AM I crazy. I didn't realize mustard would yield a finish.

I'll sneak some from the frig and try it on a scrap.

If you're all screwing with me, you'll here about it soon enough... :D
 
Mustard will patina metal, used it once on a frontier type rustic hunter. For a brown finish or a real nice rust blue the best I've found is American Rust Blue, Brownells has it. I haven't tried it on highcarbon knife blades yet, but I just finished up a rust blued gaurd with it, and it works wonders on gun parts. When turned to blue it produces the old time gun metal blue/black luster.
 
Mustard will patina metal, used it once on a frontier type rustic hunter. For a brown finish or a real nice rust blue the best I've found is American Rust Blue, Brownells has it. I haven't tried it on highcarbon knife blades yet, but I just finished up a rust blued gaurd with it, and it works wonders on gun parts. When turned to blue it produces the old time gun metal blue/black luster.

I tried to blue an O1 blade early on with the Birchwood touch up solution. Mixed results. Wonder if it is the chrome. etc in O1? The stuff works great on 1018. I have bottle of that Brownell's rust blue. Just waiting for an oportunity to use it.
 
All these products including mustard and vinegar work better if the piece to be colored is cleaned and degreased first, I find windex does a good job.
 
I have questions...

Acid blueing/patina: I got a very nice, even and smooth, dark grey finish on a CS Master Hunter with just lemon juice. At just the right angle, I could literally read the newspaper in its reflection. Birchwood-Casey's Perma Blue is selenium dioxide, an acid. The main ingredient in mustard is vinegar, acetic acid. Its viscosity makes it interesting to play with. People seem to report the darkest , most even patina with regular yellow French's, and milder reactions with the spicy brown stuff. Anyone know if this is just due to vinegar content, or other factors?

Alkaline patina: "Sodium hydroxide, solution is also known as caustic soda, liquid caustic (solutions of 45-75% sodium hydroxide in water), lye, soda lye, sodium hydrate. This easy to use formula produces the deep blue-black finish most desired by custom gunmakers. A mixture of 6 1/2 - 7 lbs. per gallon of water will boil at the correct processing temperature at 275 degrees - 280 degreess F. No other additivies are necessary. Temperature is vitally important to bluing, therefore an accurate thermometer is a must. Process parts about 15-30 minutes to produce a beautiful, durable black oxide finish." My apologies to the author, I don't remember where I find it or who wrote it. Do any of you use lye? Or other alkaline solutions?

I've seen some posts lately by folks using layers of different patinas, and trying it out myself. You can get some nice, kind of case-hardened-looking finishes this way.
 
Any place that sells muzzleloading gear will have browning solution - try Track of the Wolf, Dixie Gun Works etc and you will find a few different options. I find it easier to use than cold blues and generally get a more even and durable finish. The Birchwood Casey stuff is ok but the metal needs to be heated for best effect and some folks may not like heating up knife blades.
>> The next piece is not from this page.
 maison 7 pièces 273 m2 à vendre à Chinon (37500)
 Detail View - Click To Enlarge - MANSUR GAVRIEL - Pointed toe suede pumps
There are other brands that go on cold. They do need a humid environment to work correctly so if you live somewhere really dry you may find they take some time to produce results.
 
Save your mustard for your hot dogs, and buy something that works. Laurel Mt. Browning solution works better than anything else I have used. Follow their directions and you will have a pretty durable fininish. It leaves a rust resistant, hard coat of brown oxide on the steel, and if you boil it, it will turn black. The man asked about a finish, not how to age the knife.
 
bjalongi,

I know what you mean about this knife stuff taking over. Its always been guns or knives...I put this knife stuff down once already just after high school and fell in love with how easy it is to build AR-15s, got into building AK47s and then...I ended up taking knives back up again.

Of course, now that I've taken it back up, after marriage, moving to suburbia and 5 kids, I have my junk set up in the garage instead of the big pole barn at the farm- can't beat on/grind steel all hours of the night due to neighbors- its hard to have alot of equipment and not be able to use it. But at the risk of being struck by lightning, family is better than the guns and knives.